ADONIS OLIVEIRA - LÍNGUA FERINA

Uma das obras que mais marcaram a minha adolescência foi um singelo e despretensioso filme de ficção científica estrelado por Charlton Heston. O nome do filme era “O Planeta dos Macacos”. Era uma distopia situada em um futuro indefinido. Uma nave espacial teria saído da terra em busca de novos mundos a serem povoados por nós humanos. Depois de alguns meses viajando a uma velocidade próxima à da luz, a nave se vê forçada a aterrissar em um planeta bem parecido com a terra.

Ao desembarcar, os tripulantes se deparam com uma situação interessantíssima. As espécies dominantes, e as mais inteligentes, eram diversos tipos de símios que, por apresentarem características diferentes, assumiam diferentes papeis na sociedade que organizaram. Os poucos humanos com que se depararam eram pobres criaturas totalmente embrutecidas e que nem falar sabiam. Eram tratados como animais de estimação, ou então escravizados pelos macacos. Como de se esperar, estabeleceu-se de imediato uma disputa entre as espécies. Os humanos, liderados pelos forasteiros altamente desenvolvidos e articulados, e seus novos senhores símios.
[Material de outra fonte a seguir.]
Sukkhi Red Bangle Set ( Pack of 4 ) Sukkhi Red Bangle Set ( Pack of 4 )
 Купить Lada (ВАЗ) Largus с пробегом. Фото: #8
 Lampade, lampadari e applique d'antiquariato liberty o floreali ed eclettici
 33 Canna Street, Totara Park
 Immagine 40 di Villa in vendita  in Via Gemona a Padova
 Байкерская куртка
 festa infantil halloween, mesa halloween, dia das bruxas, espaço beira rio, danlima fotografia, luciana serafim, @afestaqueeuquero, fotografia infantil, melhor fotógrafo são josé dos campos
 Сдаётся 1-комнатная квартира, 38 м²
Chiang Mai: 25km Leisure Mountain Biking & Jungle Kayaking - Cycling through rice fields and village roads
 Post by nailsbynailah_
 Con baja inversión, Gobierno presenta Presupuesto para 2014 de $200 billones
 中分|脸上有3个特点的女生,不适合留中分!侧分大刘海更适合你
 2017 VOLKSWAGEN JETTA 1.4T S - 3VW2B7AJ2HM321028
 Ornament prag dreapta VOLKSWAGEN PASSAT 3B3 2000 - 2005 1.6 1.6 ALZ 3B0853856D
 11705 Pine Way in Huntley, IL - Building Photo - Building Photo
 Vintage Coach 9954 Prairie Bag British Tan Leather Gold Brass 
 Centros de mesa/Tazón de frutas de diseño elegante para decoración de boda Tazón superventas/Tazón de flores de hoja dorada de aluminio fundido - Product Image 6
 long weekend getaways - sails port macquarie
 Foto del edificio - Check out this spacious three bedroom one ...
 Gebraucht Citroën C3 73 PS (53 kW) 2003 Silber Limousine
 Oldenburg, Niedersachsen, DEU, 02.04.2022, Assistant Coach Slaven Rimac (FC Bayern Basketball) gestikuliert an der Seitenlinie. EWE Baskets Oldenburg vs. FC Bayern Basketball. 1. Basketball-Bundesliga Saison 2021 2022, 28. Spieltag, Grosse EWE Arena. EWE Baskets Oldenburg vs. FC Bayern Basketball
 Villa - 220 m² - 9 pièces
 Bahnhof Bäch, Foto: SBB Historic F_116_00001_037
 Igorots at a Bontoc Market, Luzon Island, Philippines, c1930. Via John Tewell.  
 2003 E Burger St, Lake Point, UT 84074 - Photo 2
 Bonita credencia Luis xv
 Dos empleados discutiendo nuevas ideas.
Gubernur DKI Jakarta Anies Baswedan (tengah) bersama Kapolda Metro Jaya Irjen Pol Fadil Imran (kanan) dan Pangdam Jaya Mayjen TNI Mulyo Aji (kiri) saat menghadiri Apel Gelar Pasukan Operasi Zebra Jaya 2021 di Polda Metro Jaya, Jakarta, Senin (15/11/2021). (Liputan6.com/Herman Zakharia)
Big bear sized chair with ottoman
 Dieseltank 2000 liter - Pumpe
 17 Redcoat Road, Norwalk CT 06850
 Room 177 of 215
Ao final, e depois de muitas marchas e contramarchas, tudo o que o nosso herói deseja é encontrar um local onde possa se afastar de toda aquela beligerância e viver em paz com sua companheira recém adquirida.

Ocorre apenas que as coisas nunca são assim tão fáceis e, ao final, quando este se afastavam cavalgando lentamente pela praia, eis que se defrontam com uma Estátua da Liberdade parcialmente destruída e semienterrada na areia. Poderia até pensar se tratar de mais uma filial das lojas da Havan. Só que não era! Na realidade, era a Estátua da Liberdade original. É quando nosso herói se dá conta de que aquele planeta é a nossa boa e velha terra, só que após a destruição total da nossa civilização, muito provavelmente por uma guerra nuclear. Fato este que abriu a possibilidade da ascenção dos símios ao topo da escala evolucional.

O que teria ocorrido é que, por se encontrarem em velocidade próxima à da luz, o tempo teria passado bem mais lento para os tripulantes da nave. Achavam ter transcorrido meses, mas, enquanto isso, haveriam transcorrido séculos aqui na terra. Tudo de acordo com a Teoria da Relatividade.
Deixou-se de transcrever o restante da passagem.